Dairy farmer Jody Jess was at the post office, mailing off genetic tests for her Kerry cattle when she noticed a stamp with animals on it.
“Where do you get the ideas for the stamps?” Jess remembers asking her postman. “‘They come from people like you,” he said.
Jess is among a handful of people who raise the Irish Kerry cattle, an endangered breed of dairy cow.
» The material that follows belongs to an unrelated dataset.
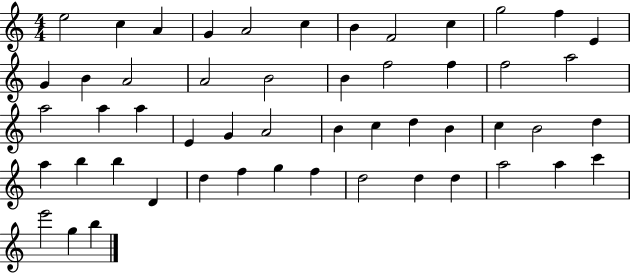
E5/h C5/q A4/q G4/q A4/h C5/q B4/q F4/h C5/q G5/h F5/q E4/q G4/q B4/q A4/h A4/h B4/h B4/q F5/h F5/q F5/h A5/h A5/h A5/q A5/q E4/q G4/q A4/h B4/q C5/q D5/q B4/q C5/q B4/h D5/q A5/q B5/q B5/q D4/q D5/q F5/q G5/q F5/q D5/h D5/q D5/q A5/h A5/q C6/q E6/h G5/q B5/q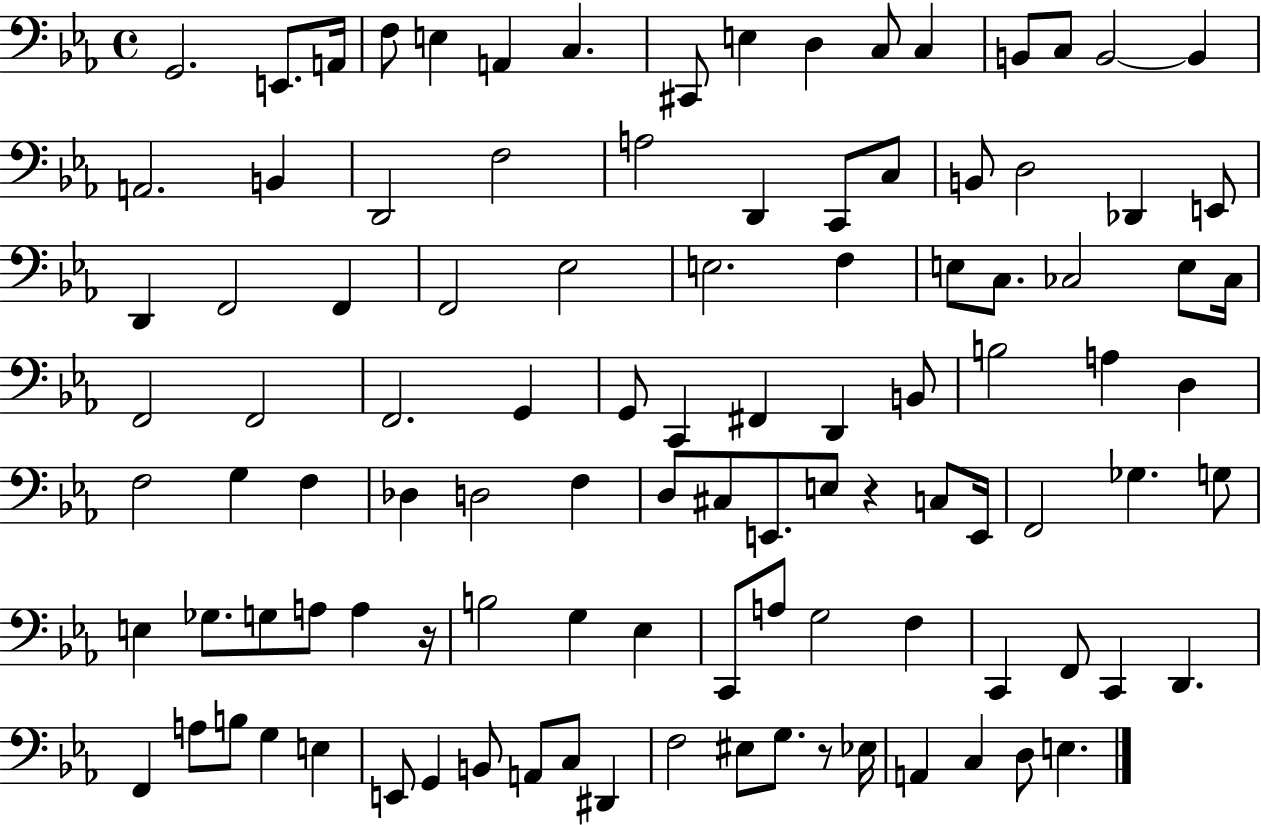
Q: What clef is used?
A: bass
There are about 45 Kerry cows in the U.S. and Canada, and about 250 in Ireland, she said.
“And it’s their national cattle,” she said.
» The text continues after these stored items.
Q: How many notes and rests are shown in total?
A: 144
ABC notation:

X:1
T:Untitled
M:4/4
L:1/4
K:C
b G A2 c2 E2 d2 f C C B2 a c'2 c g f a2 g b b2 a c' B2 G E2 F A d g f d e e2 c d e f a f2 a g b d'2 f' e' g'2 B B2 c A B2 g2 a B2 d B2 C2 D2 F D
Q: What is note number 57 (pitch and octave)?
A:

Jess, whose farm is in Westminster, Mass., decided to fill out all the paperwork to propose a set of stamps highlighting livestock breeds.
She contacted her friend Emily Aho of Jaffrey to help write up the application.
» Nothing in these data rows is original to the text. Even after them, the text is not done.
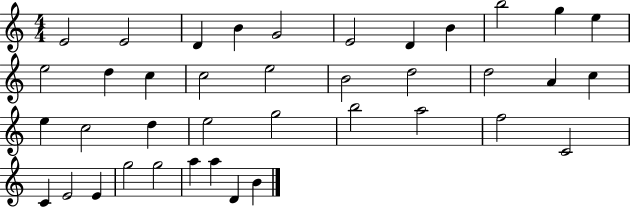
X:1
T:Untitled
M:4/4
L:1/4
K:C
E2 E2 D B G2 E2 D B b2 g e e2 d c c2 e2 B2 d2 d2 A c e c2 d e2 g2 b2 a2 f2 C2 C E2 E g2 g2 a a D B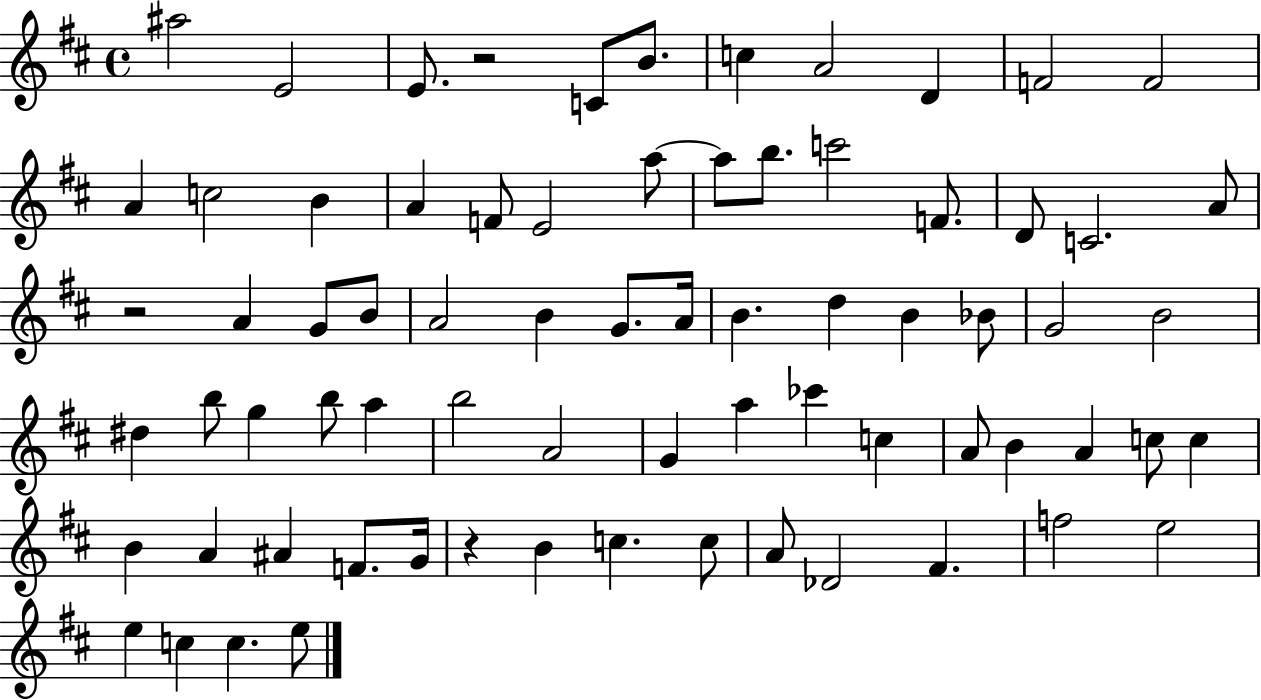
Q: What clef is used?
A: treble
“It’s so weird to be involved with the making of a stamp,” Aho said.
Aho operates the Newfoundland Pony Conservancy Center in Marlborough, where she tries to preserve the unique breed of pony that originated in Canada.
The stamp application was done and submitted last year. After months of waiting, they were told that the USPS accepted their plan.
The 10 commemorative stamps will highlight different heritage breeds, and though USPS accepted the livestock idea, the 10 stamps will not include Kerry cattle or Newfoundland ponies.
“This is done for all heritage breeders, because the people that are breeders they give their all,” Aho said.
The animals picked for the stamps are the mulefoot hog, Wyandotte chicken, milking Devon cow, Narragansett turkey, American mammoth jackstock donkey, cotton patch goose, San Clemente Island goat, American cream draft horse, Cayuga duck and Barbados blackbelly sheep.
The stamps will get their formal unveiling at a May ceremony at George Washington’s home, Mount Vernon in Virginia.
“These breeds were carefully selected and bred over time to develop traits that made them well-adapted to the local environment and they thrived under farming practices and cultural conditions that are very different from those found in modern agriculture,” a Livestock Conservancy statement on the stamps read.
Jess said it’s important to preserve the animals and their distinct genetic lines for future generations. The breeders do the hard work to keep the breed lines alive, and put the animals to work. Jess operates her small dairy farm to keep the cattle line going, and Aho is setting up working tasks for the ponies at the Marlborough farming property.
“We need to focus on how to save these breeds,” Jess said.
Both Jess and Aho will be at the ceremony next month, though they are going to leave their ponies and cows at home.